Abstract

Segmental gastrectomy is a common function preserving operation, and its combination with sentinel lymph node navigation technology shows a broad prospect in the treatment of early gastric cancer. Commonly anastomosis methods include the follows: (1) Hand-sewn anastomosis: this method is relatively simple, reduces the use of stapler, and can effectively reduce surgical cost. However, laparotomy or small-incision assisted laparoscopic surgery is required to accomplish anastomosis, so the surgical wound is relatively large. (2) Delta anastomosis: this anastomosis is entirely endoscopic, requiring no small incision with less surgical trauma. However, due to the presence of residual cavities in the small curvature of the side-to-side anastomosis, and the possibility of excessive incision of the posterior wall of the stomach, which may shorten the pyloric sleeve, there is an increased risk of gastric stasis after the operation. (3) Hybrid technique: this anastomosis method is safe and effective. However, it requires total endoscopic gastric anterior wall suture, which represents higher requirements for surgeons. Therefore, surgeons experienced in minimally invasive surgeries are recommended to perform this anastomosis. (4) Puncture technique: this anastomotic method is end-to-end anastomosis with low risk of gastric stasis, and is applicable for entirely endoscopic anastomosis.

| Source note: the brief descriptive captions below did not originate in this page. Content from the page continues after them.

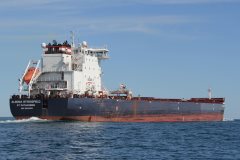 Thumbnail Image for Algoma Strongfield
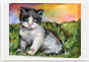 Canvas Gallery Wrap: Kitty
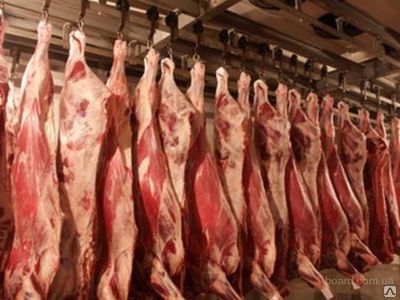 Мини-завод по переработке мяса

However, the stapler is not typically used for gastrointestinal surgery, which brings certain limitations to clinical promotion. These anastomoses have their own advantages and disadvantages, and their effects on gastric function are also controversial. In conclusion, the development of segmental gastrectomy is still in its infancy, and prospective multicenter randomized controlled trials are awaited to confirm the safety of oncology and standardize the techniques.